> DATA FOR THIS EXERCISE
↓
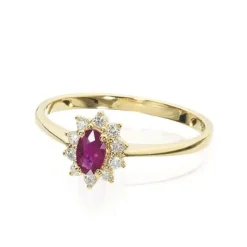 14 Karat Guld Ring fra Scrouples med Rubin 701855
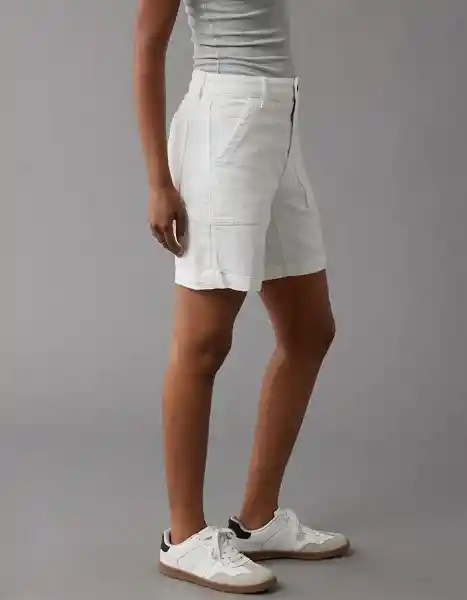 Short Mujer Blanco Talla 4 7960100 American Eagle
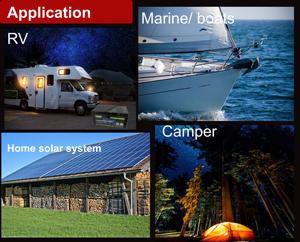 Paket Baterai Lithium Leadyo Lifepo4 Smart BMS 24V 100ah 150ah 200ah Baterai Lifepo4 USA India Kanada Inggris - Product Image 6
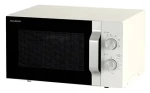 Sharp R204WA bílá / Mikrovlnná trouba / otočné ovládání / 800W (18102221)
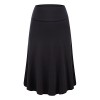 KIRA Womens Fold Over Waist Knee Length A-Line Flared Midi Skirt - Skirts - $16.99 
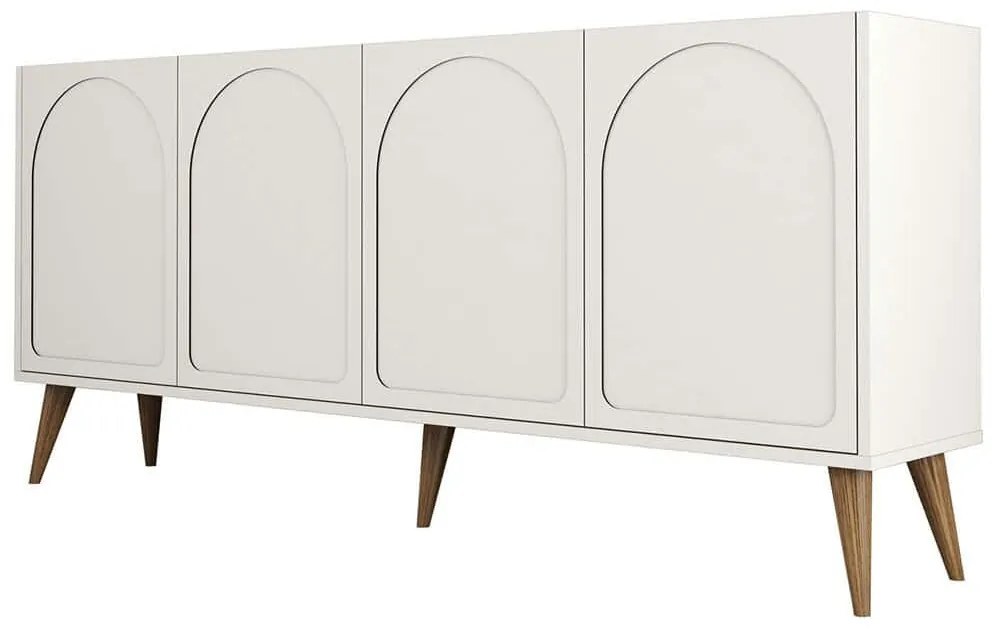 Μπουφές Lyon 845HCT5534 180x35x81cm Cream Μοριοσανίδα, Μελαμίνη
↑
> EXERCISE OBJECTIVE
Word for word, copy the lines from the one with "KIRA Womens Fold" through the end of the entries above, and do not include any picture.

> RESULT
 KIRA Womens Fold Over Waist Knee Length A-Line Flared Midi Skirt - Skirts - $16.99 
 Μπουφές Lyon 845HCT5534 180x35x81cm Cream Μοριοσανίδα, Μελαμίνη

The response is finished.